Classifying the Stoichiometry of Virus-like Particles with Interpretable Machine Learning

TL;DR

The paper tackles the problem of classifying VLP stoichiometry directly from protein sequences using an interpretable ML pipeline. It curates a balanced dataset of 60-mer and 180-mer homomeric VLPs, compares encoding schemes (one-hot vs integer-label) and maps (CHARPROTSET vs knowledge-based clusters) within linear classifiers, and analyzes feature weights to extract biological insights. Key contributions include publicly releasing the dataset, demonstrating that one-hot encoding with linear models improves classification performance, and identifying residue-level features with structural interpretations (e.g., MS2) that may influence assembly. The approach offers a faster, data-driven route to guide VLP design for vaccines, with clear interpretability and directions for future expansion to more diverse data and multimodal inputs.

Abstract

Virus-like particles (VLPs) are valuable for vaccine development due to their immune-triggering properties. Understanding their stoichiometry, the number of protein subunits to form a VLP, is critical for vaccine optimisation. However, current experimental methods to determine stoichiometry are time-consuming and require highly purified proteins. To efficiently classify stoichiometry classes in proteins, we curate a new dataset and propose an interpretable, data-driven pipeline leveraging linear machine learning models. We also explore the impact of feature encoding on model performance and interpretability, as well as methods to identify key protein sequence features influencing classification. The evaluation of our pipeline demonstrates that it can classify stoichiometry while revealing protein features that possibly influence VLP assembly. The data and code used in this work are publicly available at https://github.com/Shef-AIRE/StoicIML.

Paper Structure

This paper contains 19 sections, 5 figures, 2 tables.

Figures (5)

  • Figure 1: Overview of the development of an interpretable data-driven pipeline for VLP stoichiometry classification.

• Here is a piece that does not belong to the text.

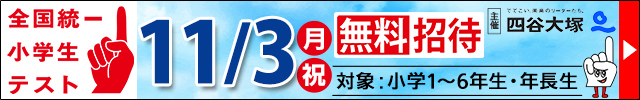 合不合判定テスト 合不合判定テスト|中学受験の四谷大塚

Protein sequences from the PDB bank are curated into a balanced dataset of 60-mers and 180-mers, and subsequently processed through the classification pipeline: feature encoding with selected maps and methods, model training using linear machine learning models, and evaluation based on performance metrics, model interpretation and biological analysis.
  • Figure 2: Heatmaps of model weights from RC with one-hot encoding at the amino acid level. The first 10 positions are shown in subfigure (a) using the CHARPROTSET map and in subfigure (b) using the knowledge-based clusters map. The colour scale indicates contributions to stoichiometry classification: red signifies a positive contribution to classifying a protein sequence as a 180-mer, and blue signifies a positive contribution to classifying it as a 60-mer.
  • Figure 3: Position-level model weights of the first 600 amino acids in protein sequences from RC with one-hot encoding on the CHARPROTSET. Each point indicates the average positional weight, with error bars representing the standard deviation.
  • Figure 4: Comparison of four positional influence methods (a-d) on AUROC across 1–40% of positions selected. The highest AUROC for each method is starred and annotated with its percentage and score. Each point shows the mean AUROC with error bars for standard deviation.
  • Figure 5: Visualisation of positional weights from RC with one-hot encoding on the CHARPROTSET mapped to the MS2 structure (PDB: 2MS2). In subfigure (a), the complete structure, comprising 180 subunits, is colour-coded according to positional influence scores, using a gradient from grey (low influence) to red (high influence). Subfigure (b) highlights one subunit in orange to illustrate its interactions with neighbouring protein subunits.